Intervention de Jean-Luc Fugit

Réunion du mercredi 25 octobre 2023 à 13h30
Commission des affaires européennes

Photo issue du site de l'Assemblée nationale ou de WikipediaJean-Luc Fugit :

. Le sujet du glyphosate est très sensible et a donné lieu à de riches débats, notamment fin 2017 à l'occasion du précédent vote sur la ré-autorisation de cette molécule. Le sujet est revenu dans le débat public en France lors du travail de notre Assemblée sur la loi dite « EGalim » en 2018. Le Gouvernement avait annoncé vouloir mettre tout en œuvre pour assurer l'interdiction des principaux usages du glyphosate en 2021. Dans cette optique, une mission d'information parlementaire sur le suivi de la stratégie de sortie du glyphosate a été lancée fin septembre 2018, mission présidée par notre collègue Julien Dive, et dont les co-rapporteurs étaient Jean-Baptiste Moreau et moi-même.

Dès le départ, la mission a choisi d'avoir une approche scientifique en privilégiant la confiance et non la défiance envers les agriculteurs. Deux ans plus tard, dans notre rapport final, nous avons pu rendre compte des évolutions observées. Oui, nos agriculteurs utilisent progressivement moins de produits phytosanitaires et moins de glyphosate. Nous avons noté que sous l'impulsion de la stratégie gouvernementale, l'Agence nationale de sécurité sanitaire de l'alimentation, de l'environnement et du travail n'a pas renouvelé les autorisations de mise sur le marché des usages pour lesquels il existe des alternatives sans inconvénients pratiques et économiques majeurs.
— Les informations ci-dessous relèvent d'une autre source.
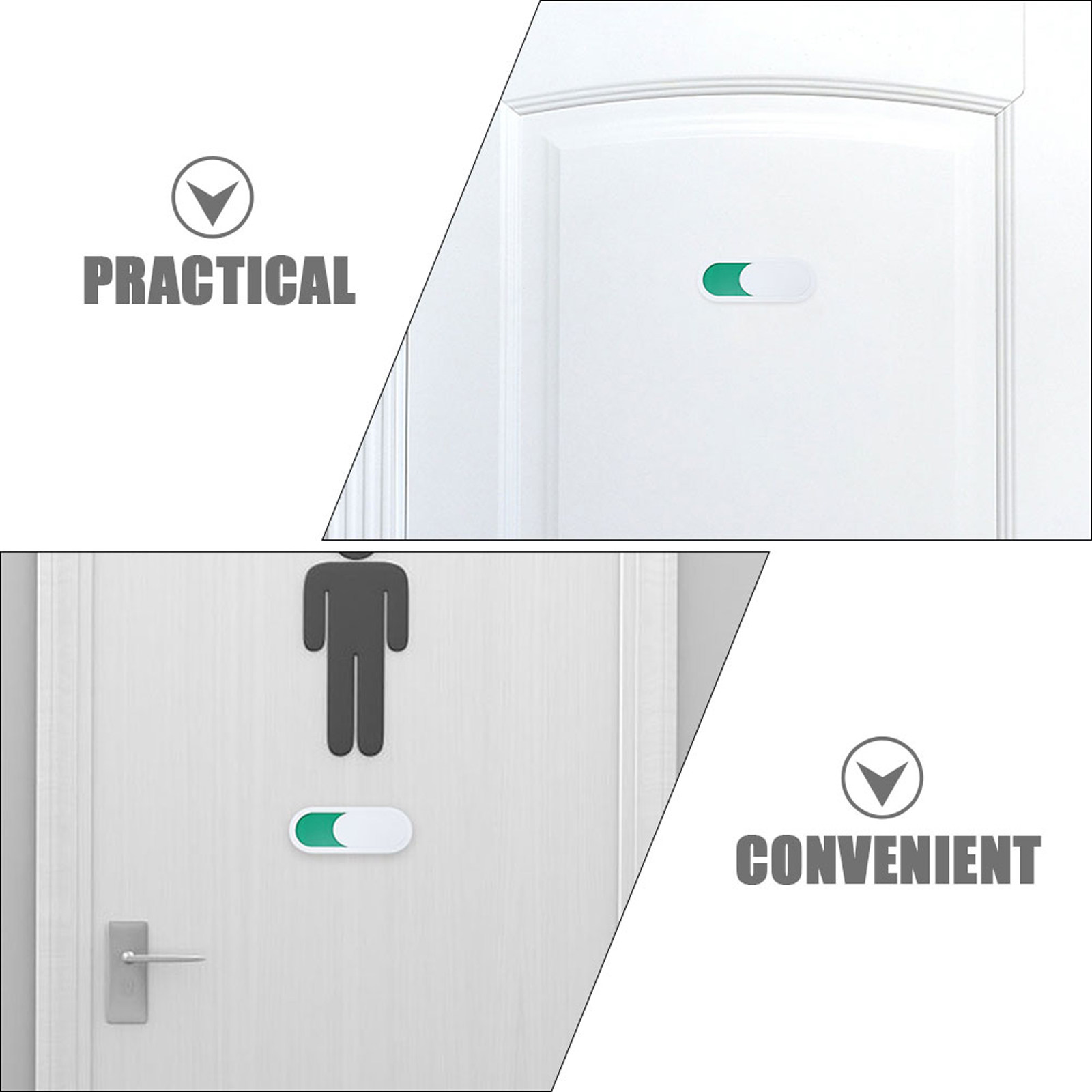 2 pièces, panneau coulissant e - Home Bathroom Occupied Sign avis et prix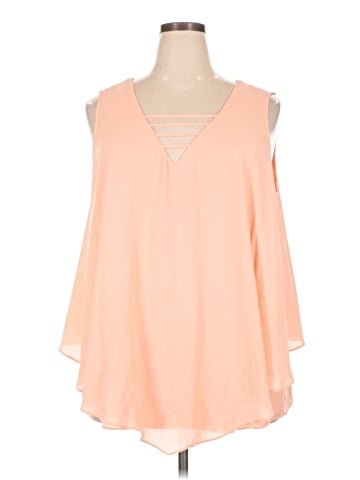 Worthington Sleeveless Blouse (view 1)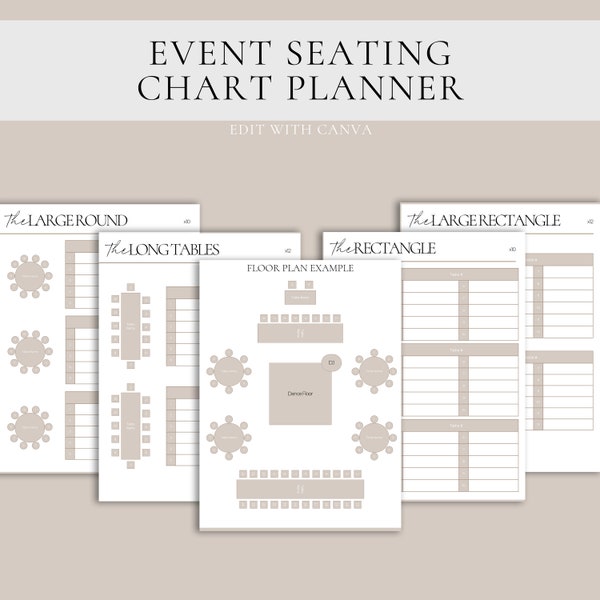 Event Seating Chart Template Download Printable Seating Plan Chart Digital Seating Plan Template Wedding Reception Ceremony Canva Table Plan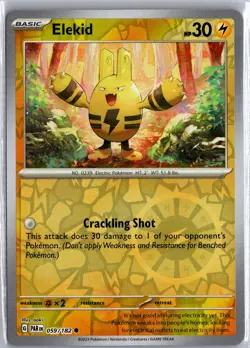 Elekid 059/182 Common Paradox Rift Pokemon Reverse Holo NM/M - Image 1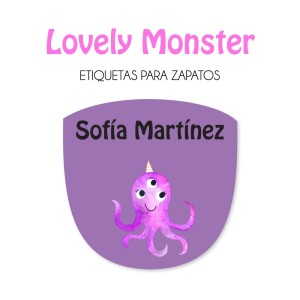 Zapato Lovely Monster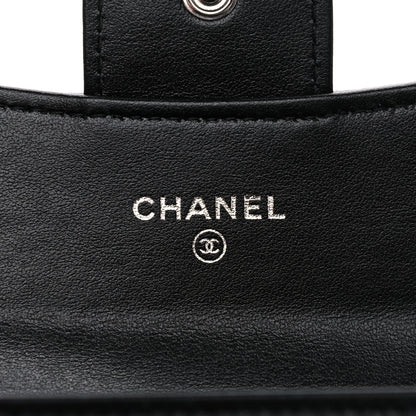 Chanel Aged Calfskin Chevron Quilted Reissue Card Holder Wallet So Black 6 of 11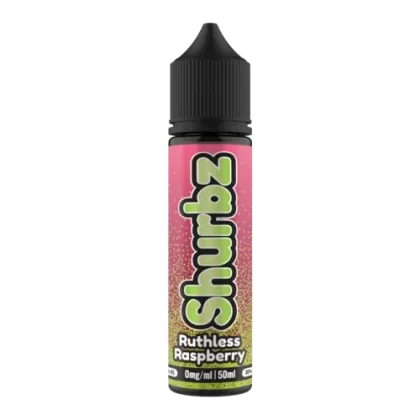RUTHLESS RASPBERRY E LIQUID BY SHURBZ 50ML 70VG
Concrètement, on n'utilise plus depuis 2021 en France de glyphosate entre les rangs de vignes ou d'arbres fruitiers, ni en grandes cultures lorsque la parcelle a été labourée. Ces interdictions se sont traduites par une baisse d'utilisation de l'ordre de 30 %. En parallèle, depuis 2021 davantage de moyens ont été attribués à la recherche d'alternatives, et un soutien financier, via un crédit d'impôt, est apporté aux exploitations qui renoncent à l'usage du glyphosate. Se passer du glyphosate, ce n'est pas aisé. L'exemple de l'agriculture de conservation des sols montre que se passer de glyphosate peut parfois être contreproductif sur le plan environnemental en termes de biodiversité et d'émissions de CO2.
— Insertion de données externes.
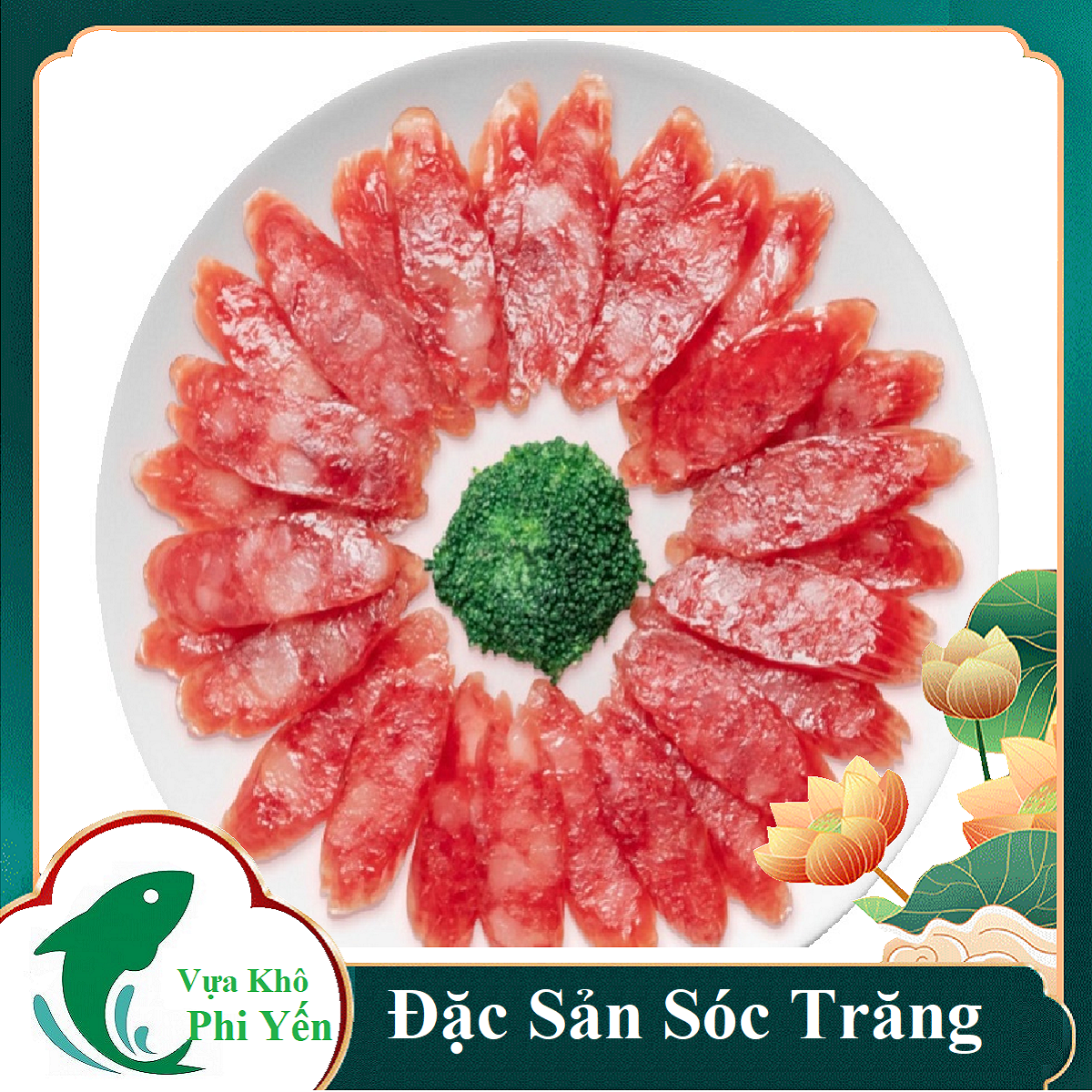Lạp xưởng tôm tươi đặc sản sóc trăng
Aujourd'hui, comme vous le savez les travaux d'évaluations sont poursuivis en Europe, pour mieux connaître l'impact des usages du glyphosate. L'Agence européenne des produits chimiques, qui étudie le danger des molécules, a conclu à l'absence de caractère cancérogène ou mutagène. L'Autorité européenne de la sécurité alimentaire, qui étudie les risques associés à l'exposition, dit ne pas avoir identifié de domaines de préoccupations critiques, ne s'opposant pas ainsi à renouvellement de l'approbation de cette molécule. Toutefois, l'EFSA souligne les lacunes d'évaluations des risques sur la biodiversité.

Au regard de toutes les données dont nous disposons, notre groupe se félicite du récent rejet de la proposition de la Commission européenne, d'autoriser dix ans de plus le glyphosate sans conditions de restrictions. Nous préférons la cohérence et l'exigence que le gouvernement porte depuis 2018 : on restreint les usages là où il y a des alternatives non chimiques et on amplifie la recherche pour développer ces alternatives. Nous pensons nécessaire que la France exige des autres pays européens un engagement à restreindre les usages, là où il y a une alternative, et nous pensons que dans ces conditions la durée de renouvellement pourrait elle aussi être discutée. En revanche, nous ne serons pas favorables à l'adoption de cette proposition de résolution, car nous refusons de laisser certains agriculteurs sans solutions. C'est aussi pour nous, une question de responsabilité politique.